HOW TO COMPLETE THIS TASK:
Retype exactly the lines below, beginning with the first and ending with the line where "Nicolle W online" appears.

----- DATA TO EXAMINE -----

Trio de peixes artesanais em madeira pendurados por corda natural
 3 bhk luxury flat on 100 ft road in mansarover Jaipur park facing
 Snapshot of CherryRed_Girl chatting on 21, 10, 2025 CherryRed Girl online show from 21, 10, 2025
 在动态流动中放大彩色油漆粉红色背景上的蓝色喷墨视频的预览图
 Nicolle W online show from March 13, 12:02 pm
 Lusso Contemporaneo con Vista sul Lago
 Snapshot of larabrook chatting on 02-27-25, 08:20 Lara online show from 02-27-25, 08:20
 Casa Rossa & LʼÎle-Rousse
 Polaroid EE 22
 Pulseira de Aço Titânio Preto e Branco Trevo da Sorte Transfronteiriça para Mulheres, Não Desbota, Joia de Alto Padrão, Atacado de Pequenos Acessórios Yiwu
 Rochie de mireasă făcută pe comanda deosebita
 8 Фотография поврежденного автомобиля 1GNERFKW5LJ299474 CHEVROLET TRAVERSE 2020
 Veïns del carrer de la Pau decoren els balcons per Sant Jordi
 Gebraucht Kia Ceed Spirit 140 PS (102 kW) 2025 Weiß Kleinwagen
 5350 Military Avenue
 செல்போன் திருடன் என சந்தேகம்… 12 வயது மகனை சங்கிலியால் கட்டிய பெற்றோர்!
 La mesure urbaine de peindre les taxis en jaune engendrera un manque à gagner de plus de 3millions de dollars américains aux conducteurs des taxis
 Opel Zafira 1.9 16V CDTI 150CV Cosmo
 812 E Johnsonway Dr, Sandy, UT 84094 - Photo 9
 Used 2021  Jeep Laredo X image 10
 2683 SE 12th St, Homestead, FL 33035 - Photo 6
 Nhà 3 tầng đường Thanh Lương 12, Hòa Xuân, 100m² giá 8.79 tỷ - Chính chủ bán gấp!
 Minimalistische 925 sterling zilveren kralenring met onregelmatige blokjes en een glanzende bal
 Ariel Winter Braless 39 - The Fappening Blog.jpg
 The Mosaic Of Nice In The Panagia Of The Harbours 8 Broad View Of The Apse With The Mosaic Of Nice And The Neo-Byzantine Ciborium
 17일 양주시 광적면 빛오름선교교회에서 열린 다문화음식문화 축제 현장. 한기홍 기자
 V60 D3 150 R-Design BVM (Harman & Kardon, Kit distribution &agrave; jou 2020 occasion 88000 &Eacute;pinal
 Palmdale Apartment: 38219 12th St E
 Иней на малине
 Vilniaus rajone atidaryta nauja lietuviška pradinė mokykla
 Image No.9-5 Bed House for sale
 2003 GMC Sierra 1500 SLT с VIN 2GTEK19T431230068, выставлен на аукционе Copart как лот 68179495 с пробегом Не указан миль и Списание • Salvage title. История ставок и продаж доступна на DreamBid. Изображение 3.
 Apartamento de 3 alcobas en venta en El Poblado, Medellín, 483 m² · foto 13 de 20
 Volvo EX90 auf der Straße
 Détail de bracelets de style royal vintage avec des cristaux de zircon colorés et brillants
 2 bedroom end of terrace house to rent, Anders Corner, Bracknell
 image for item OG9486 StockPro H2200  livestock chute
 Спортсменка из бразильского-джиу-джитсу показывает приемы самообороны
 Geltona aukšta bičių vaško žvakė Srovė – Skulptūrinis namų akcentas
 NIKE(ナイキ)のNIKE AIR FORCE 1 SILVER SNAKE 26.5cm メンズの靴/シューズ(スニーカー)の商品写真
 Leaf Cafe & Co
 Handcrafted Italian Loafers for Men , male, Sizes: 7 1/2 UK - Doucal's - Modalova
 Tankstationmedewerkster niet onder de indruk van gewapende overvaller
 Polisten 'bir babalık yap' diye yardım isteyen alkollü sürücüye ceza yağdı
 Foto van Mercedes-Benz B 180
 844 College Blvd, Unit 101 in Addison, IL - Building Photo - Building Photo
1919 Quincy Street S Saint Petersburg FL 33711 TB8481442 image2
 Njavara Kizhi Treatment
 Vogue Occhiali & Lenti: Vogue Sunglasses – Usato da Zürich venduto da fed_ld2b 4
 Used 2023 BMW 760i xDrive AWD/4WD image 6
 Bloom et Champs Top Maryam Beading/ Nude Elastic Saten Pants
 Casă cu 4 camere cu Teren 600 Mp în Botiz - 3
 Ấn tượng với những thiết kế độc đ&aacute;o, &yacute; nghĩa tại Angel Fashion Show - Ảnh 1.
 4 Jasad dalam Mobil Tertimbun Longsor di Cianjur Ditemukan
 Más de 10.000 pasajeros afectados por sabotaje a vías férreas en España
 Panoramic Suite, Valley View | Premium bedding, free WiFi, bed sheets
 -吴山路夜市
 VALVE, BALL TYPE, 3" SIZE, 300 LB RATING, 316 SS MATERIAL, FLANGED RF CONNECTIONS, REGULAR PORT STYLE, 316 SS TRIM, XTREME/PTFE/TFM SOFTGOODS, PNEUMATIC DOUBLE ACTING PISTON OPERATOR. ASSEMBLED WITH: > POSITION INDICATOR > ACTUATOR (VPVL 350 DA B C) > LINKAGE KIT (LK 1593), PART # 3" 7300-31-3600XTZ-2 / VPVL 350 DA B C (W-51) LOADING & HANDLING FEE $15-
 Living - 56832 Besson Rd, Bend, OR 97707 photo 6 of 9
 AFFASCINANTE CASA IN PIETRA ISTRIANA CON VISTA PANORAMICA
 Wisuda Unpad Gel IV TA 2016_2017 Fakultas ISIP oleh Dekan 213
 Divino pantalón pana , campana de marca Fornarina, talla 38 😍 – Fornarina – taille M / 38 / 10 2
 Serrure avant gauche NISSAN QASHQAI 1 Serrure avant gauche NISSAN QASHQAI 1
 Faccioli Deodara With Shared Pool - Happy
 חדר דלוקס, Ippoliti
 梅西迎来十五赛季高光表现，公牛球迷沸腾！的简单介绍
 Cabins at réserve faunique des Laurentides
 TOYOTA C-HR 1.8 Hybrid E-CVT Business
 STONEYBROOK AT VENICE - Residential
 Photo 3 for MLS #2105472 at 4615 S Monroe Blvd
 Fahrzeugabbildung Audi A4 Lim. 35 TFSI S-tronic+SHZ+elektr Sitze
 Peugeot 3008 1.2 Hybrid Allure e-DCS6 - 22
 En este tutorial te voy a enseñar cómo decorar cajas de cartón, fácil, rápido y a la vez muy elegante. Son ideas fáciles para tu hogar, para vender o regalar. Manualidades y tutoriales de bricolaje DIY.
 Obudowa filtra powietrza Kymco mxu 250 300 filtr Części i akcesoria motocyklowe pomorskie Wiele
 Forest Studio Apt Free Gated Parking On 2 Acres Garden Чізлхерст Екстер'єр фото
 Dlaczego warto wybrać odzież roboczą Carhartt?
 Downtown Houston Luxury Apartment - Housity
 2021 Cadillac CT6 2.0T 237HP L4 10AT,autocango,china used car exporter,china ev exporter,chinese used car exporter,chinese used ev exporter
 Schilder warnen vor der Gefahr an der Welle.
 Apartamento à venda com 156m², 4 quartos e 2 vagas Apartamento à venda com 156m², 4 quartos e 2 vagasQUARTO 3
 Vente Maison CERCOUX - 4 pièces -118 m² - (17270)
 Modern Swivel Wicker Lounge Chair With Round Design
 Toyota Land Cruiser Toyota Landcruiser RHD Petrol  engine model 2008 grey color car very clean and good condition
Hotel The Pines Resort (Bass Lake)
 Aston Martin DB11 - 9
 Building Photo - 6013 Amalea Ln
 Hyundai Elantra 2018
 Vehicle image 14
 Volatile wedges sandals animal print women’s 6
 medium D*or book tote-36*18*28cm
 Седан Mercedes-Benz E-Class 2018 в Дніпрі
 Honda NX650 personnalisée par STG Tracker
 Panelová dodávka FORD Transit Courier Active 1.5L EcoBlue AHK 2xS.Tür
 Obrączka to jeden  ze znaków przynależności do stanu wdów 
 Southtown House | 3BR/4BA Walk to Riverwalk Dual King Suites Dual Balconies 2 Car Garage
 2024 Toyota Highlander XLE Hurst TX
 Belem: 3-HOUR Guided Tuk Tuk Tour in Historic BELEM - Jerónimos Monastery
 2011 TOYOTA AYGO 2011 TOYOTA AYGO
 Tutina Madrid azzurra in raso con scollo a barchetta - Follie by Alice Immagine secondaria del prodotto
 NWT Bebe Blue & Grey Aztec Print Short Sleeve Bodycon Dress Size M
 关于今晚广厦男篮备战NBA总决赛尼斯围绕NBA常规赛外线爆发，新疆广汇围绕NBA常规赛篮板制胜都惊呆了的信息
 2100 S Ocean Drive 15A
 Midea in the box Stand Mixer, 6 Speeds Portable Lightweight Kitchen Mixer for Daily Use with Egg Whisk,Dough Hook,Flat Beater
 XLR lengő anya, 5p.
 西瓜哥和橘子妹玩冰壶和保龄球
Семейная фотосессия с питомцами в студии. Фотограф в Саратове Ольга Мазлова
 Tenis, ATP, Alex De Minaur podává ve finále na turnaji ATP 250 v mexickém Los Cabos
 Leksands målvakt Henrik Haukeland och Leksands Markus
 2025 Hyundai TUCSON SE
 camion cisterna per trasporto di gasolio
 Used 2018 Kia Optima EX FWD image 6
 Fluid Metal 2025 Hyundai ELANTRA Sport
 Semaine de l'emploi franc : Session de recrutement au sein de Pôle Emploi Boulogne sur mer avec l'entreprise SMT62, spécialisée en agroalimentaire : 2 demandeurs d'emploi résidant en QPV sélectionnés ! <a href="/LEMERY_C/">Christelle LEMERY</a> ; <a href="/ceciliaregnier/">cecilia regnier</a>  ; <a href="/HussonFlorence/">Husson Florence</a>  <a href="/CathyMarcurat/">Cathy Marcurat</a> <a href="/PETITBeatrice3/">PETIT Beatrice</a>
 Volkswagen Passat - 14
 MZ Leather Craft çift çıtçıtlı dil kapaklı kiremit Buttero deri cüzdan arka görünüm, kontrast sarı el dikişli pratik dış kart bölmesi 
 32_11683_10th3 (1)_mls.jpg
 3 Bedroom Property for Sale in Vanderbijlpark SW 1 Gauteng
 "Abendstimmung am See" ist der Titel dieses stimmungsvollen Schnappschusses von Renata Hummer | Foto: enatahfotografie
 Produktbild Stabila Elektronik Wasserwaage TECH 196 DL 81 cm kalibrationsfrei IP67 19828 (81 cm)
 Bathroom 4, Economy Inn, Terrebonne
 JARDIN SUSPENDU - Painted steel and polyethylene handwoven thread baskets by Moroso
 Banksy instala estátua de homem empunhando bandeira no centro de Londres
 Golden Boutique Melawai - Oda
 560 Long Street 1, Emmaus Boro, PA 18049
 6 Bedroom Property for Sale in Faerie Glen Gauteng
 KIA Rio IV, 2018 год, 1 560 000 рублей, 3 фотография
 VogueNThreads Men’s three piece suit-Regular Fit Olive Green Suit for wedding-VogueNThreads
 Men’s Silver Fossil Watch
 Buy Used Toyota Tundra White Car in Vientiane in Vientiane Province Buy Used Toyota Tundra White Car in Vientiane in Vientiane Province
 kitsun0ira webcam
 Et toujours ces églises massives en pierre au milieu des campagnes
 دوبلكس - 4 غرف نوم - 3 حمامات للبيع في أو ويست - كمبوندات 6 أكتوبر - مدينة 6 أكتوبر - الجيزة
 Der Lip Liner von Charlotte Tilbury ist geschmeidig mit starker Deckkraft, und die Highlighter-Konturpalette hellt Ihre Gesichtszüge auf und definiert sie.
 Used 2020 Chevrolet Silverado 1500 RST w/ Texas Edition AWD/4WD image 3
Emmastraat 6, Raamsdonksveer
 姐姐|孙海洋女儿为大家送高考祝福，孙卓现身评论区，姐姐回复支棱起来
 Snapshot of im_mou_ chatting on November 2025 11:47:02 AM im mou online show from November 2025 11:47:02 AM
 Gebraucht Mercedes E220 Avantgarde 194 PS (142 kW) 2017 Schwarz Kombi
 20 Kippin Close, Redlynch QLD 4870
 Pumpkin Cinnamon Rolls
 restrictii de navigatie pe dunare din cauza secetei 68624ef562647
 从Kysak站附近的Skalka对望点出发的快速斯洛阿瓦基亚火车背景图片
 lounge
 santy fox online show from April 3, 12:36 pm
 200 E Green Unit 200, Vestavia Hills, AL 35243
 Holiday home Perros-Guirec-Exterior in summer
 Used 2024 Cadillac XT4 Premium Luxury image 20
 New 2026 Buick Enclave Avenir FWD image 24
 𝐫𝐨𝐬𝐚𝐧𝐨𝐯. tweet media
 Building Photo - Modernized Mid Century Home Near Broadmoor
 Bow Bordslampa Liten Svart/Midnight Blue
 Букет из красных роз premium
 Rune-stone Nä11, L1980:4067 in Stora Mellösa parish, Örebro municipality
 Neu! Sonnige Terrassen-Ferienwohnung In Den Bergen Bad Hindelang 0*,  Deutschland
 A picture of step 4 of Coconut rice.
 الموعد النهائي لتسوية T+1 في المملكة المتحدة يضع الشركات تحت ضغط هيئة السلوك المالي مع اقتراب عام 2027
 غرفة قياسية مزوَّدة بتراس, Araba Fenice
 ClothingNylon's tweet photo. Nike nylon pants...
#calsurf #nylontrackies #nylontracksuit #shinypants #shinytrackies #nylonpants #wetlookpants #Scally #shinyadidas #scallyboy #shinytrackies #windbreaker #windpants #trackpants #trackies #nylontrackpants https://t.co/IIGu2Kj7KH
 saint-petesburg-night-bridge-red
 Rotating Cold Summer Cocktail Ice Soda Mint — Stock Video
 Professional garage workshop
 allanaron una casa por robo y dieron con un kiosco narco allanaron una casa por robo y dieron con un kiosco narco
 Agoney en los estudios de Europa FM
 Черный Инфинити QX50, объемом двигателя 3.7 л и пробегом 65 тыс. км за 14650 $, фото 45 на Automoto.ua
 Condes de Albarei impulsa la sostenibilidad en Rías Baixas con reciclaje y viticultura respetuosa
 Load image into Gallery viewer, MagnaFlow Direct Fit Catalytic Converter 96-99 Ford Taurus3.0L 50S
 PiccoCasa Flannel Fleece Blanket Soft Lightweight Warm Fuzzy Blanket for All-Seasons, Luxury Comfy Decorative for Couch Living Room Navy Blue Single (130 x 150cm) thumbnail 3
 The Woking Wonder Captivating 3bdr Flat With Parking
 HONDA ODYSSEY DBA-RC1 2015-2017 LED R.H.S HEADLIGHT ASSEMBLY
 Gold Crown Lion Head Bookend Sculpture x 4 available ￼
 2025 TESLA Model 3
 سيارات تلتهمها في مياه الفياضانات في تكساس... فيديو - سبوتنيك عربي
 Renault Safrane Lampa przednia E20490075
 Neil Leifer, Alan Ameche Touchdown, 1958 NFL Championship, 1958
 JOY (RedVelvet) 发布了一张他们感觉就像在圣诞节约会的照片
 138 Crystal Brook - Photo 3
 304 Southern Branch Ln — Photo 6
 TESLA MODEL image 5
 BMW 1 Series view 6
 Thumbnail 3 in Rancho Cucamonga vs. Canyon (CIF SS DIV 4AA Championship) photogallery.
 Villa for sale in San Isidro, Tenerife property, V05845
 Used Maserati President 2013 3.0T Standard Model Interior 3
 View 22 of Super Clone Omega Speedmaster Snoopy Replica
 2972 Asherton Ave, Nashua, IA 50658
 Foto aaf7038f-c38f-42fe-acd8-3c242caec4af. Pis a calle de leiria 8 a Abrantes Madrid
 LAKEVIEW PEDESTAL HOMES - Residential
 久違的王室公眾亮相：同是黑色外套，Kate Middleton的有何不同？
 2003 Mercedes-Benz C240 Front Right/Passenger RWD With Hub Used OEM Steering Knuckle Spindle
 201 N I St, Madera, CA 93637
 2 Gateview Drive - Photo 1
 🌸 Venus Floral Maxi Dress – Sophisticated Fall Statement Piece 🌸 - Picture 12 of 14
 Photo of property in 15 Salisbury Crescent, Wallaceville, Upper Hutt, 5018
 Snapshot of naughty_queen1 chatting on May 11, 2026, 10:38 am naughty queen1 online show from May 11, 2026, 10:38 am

-----

REPLY TO THE EXERCISE:
Trio de peixes artesanais em madeira pendurados por corda natural
 3 bhk luxury flat on 100 ft road in mansarover Jaipur park facing
 Snapshot of CherryRed_Girl chatting on 21, 10, 2025 CherryRed Girl online show from 21, 10, 2025
 在动态流动中放大彩色油漆粉红色背景上的蓝色喷墨视频的预览图
 Nicolle W online show from March 13, 12:02 pm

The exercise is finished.